General information
- Type: Powered parachute
- National origin: United States
- Manufacturer: Skymaster Powered Parachutes
- Status: Production completed (2008)
- Number built: at least one prototype

History
- Introduction date: circa 2004
- Developed from: Skymaster Excel

= Skymaster Single Seater =

American powered parachute

The Skymaster Single Seater is an American powered parachute that was under development by Skymaster Powered Parachutes of Hartland, Wisconsin. The aircraft was intended to be supplied as a kit for amateur construction.

The aircraft was developed from the larger two seat Skymaster Excel and introduced in about 2004,. Development ended when the company went out of business in late 2008. It appears that only one prototype was ever constructed and it is not clear if it ever flew.

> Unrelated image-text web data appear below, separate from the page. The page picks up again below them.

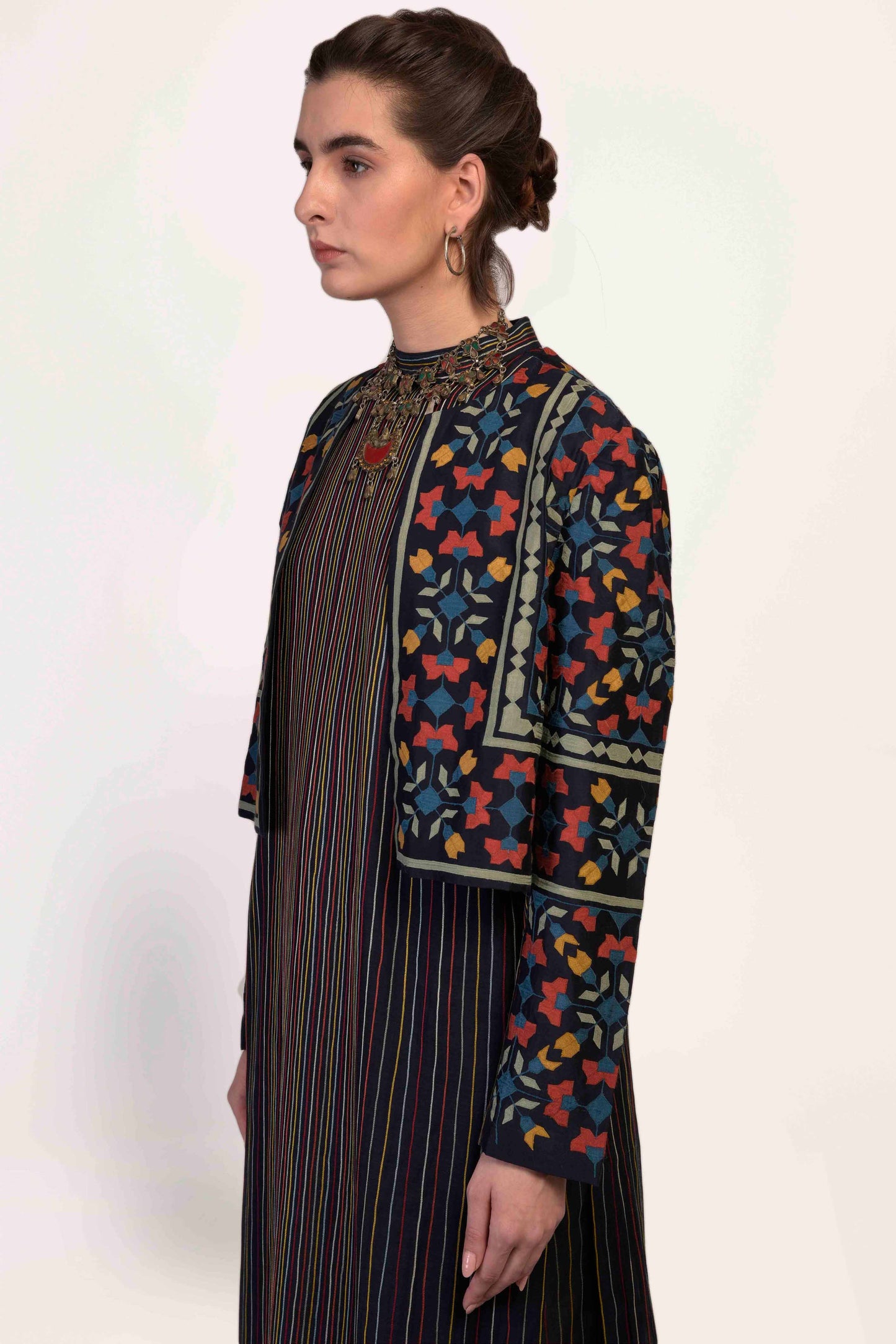 SHORT BOX JACKET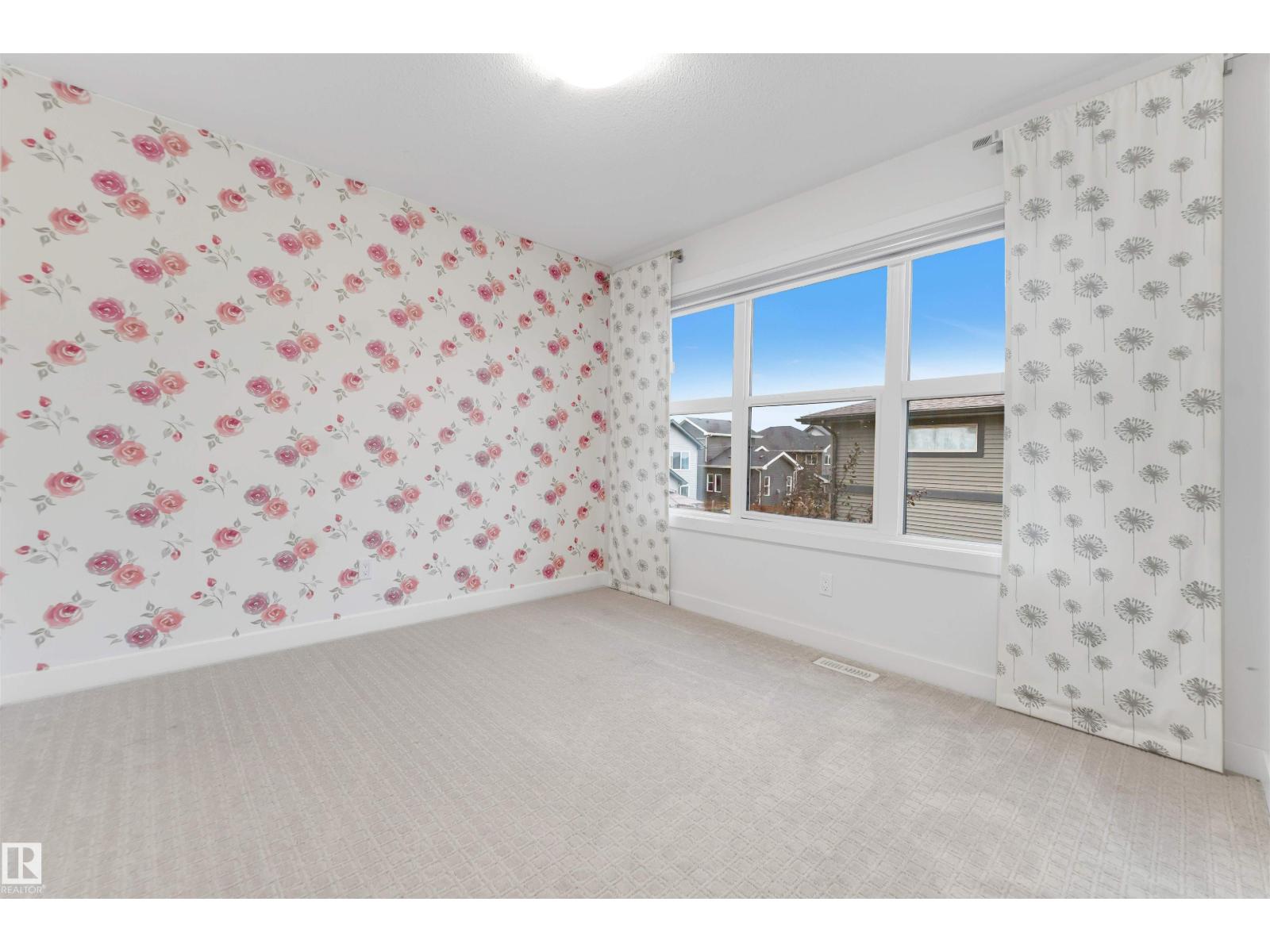 718 CHARLESWORTH WY SW - 40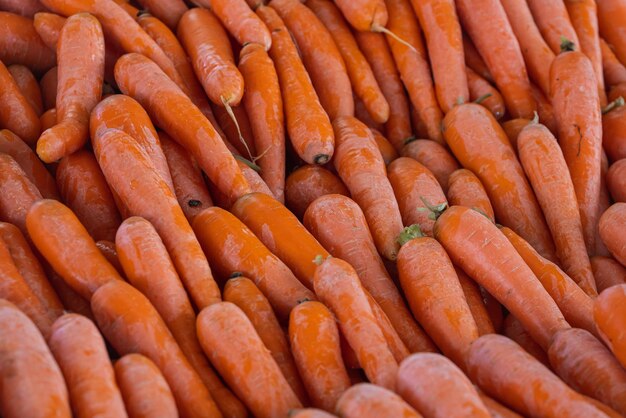 Primer plano de la zanahoria naranja, fondo. Variedad de zanahoria fresca cultivada en la tienda. Comida sabrosa y saludable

==Design and development==
The aircraft was designed to comply with the US FAR 103 Ultralight Vehicles rules, including the category's maximum empty weight of 254 lb. It features a 290 sqft Skybolt semi-elliptical or 450 sqft Quantum Advantage rectangular parachute-style wing, single-seat accommodation, tricycle landing gear and a single 46 hp single carburetor Rotax 503 engine in pusher configuration. Both the 64 hp Rotax 582 and the 50 hp dual carburetor Rotax 503 engines were also intended to be offered for the production model.

The aircraft carriage is built from bolted aluminium tubing. In flight steering is accomplished via handles that actuate the canopy brakes, creating roll and yaw. On the ground the aircraft has lever-controlled nosewheel steering. The main landing gear incorporates spring and rod suspension.

The prototype was configured with hand-only controls to allow it to be flown by paraplegic wheelchair aviators. Company data indicates that this option was intended to be offered at no charge.